▶ **What is expected**
Below this line is a set of entries; quote exactly the lines from the line that contains "NRJ Music Tour Chamonix Mont-Blanc 2022" to the line that contains "Kežmarok Apartment Anna מראה חיצוני תמונה", both lines included.

▶ **Records supplied**

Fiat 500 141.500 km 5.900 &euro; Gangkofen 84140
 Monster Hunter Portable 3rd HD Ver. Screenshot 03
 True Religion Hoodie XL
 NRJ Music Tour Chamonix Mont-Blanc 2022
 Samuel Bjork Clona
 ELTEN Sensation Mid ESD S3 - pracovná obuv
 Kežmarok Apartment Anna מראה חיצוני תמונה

...

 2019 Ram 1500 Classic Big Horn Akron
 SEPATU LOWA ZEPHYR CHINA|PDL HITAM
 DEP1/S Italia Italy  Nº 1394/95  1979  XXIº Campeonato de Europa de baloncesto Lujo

▶ **Answer section**
 NRJ Music Tour Chamonix Mont-Blanc 2022
 Samuel Bjork Clona
 ELTEN Sensation Mid ESD S3 - pracovná obuv
 Kežmarok Apartment Anna מראה חיצוני תמונה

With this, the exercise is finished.